◆ **Exercise data**:
******************************
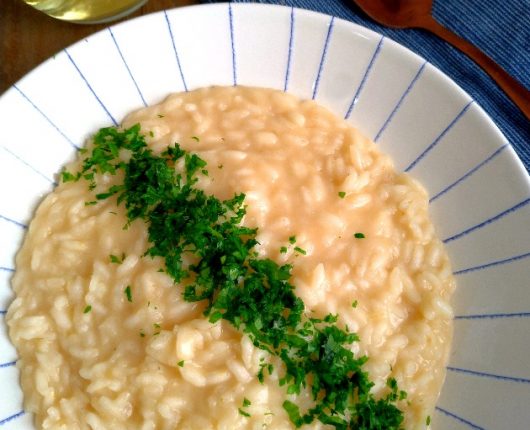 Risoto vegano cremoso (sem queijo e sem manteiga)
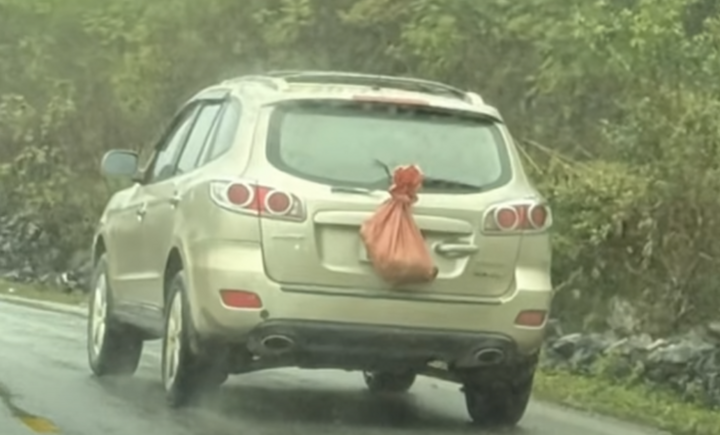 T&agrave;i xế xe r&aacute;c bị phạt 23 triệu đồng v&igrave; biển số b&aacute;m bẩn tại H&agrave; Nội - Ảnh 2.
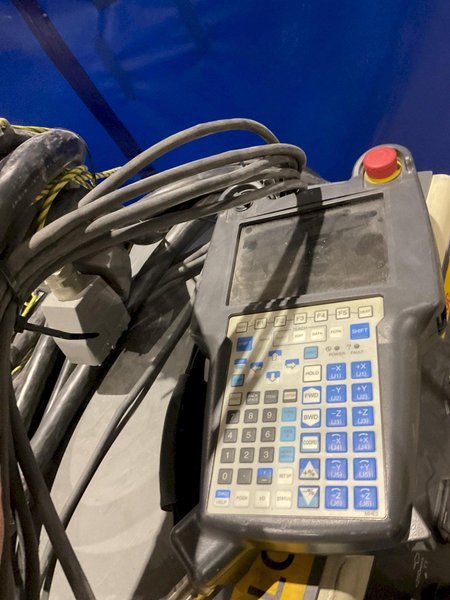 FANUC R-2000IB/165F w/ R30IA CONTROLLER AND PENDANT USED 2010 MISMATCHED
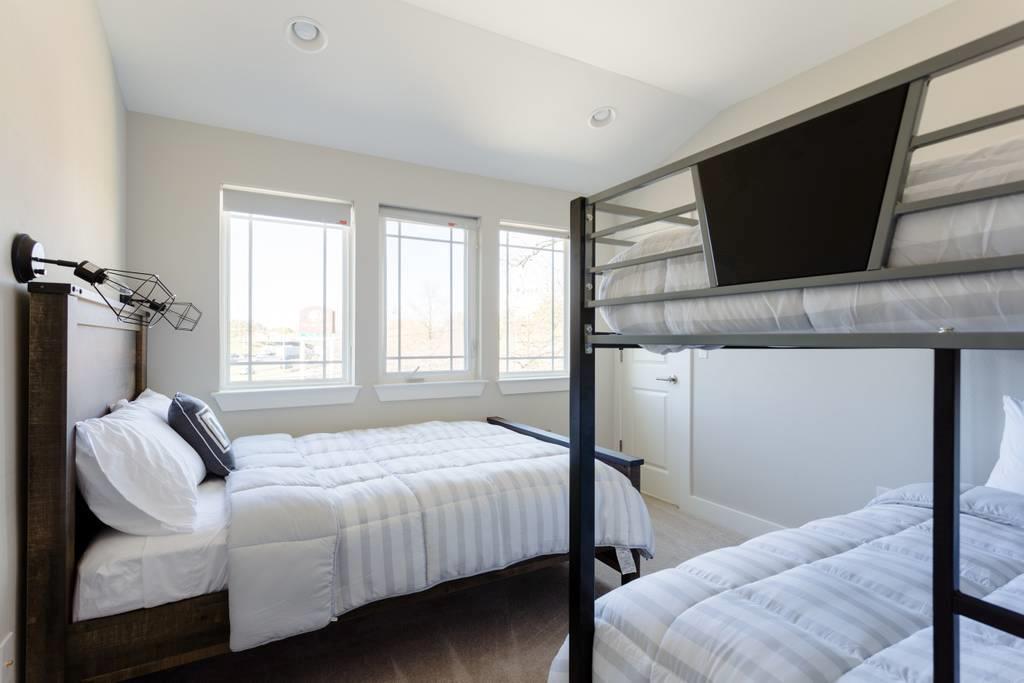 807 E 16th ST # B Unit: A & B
******************************
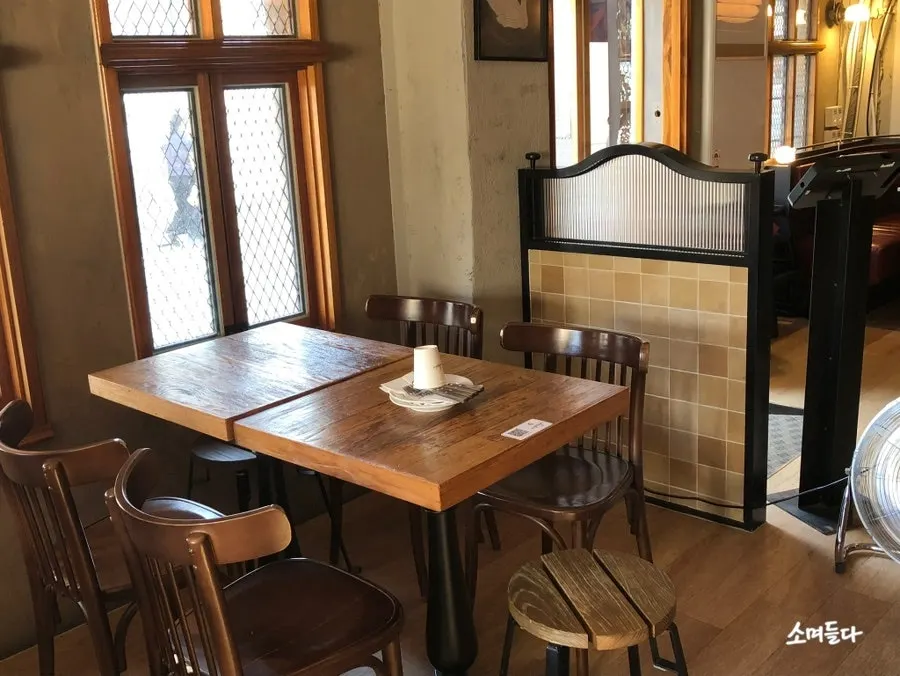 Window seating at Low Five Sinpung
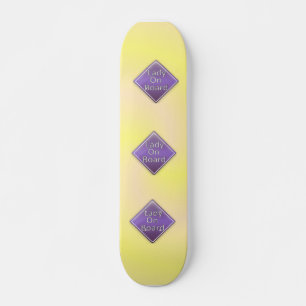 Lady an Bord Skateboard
******************************
◆ **Work task**: Give again the stretch of lines above from the one with "Risoto vegano cremoso" through the one with "807 E 16th ST # B Unit: A & B", both ends kept, and copy no pictures.

◆ **Reply to the exercise**:
 Risoto vegano cremoso (sem queijo e sem manteiga)
 T&agrave;i xế xe r&aacute;c bị phạt 23 triệu đồng v&igrave; biển số b&aacute;m bẩn tại H&agrave; Nội - Ảnh 2.
 FANUC R-2000IB/165F w/ R30IA CONTROLLER AND PENDANT USED 2010 MISMATCHED
 807 E 16th ST # B Unit: A & B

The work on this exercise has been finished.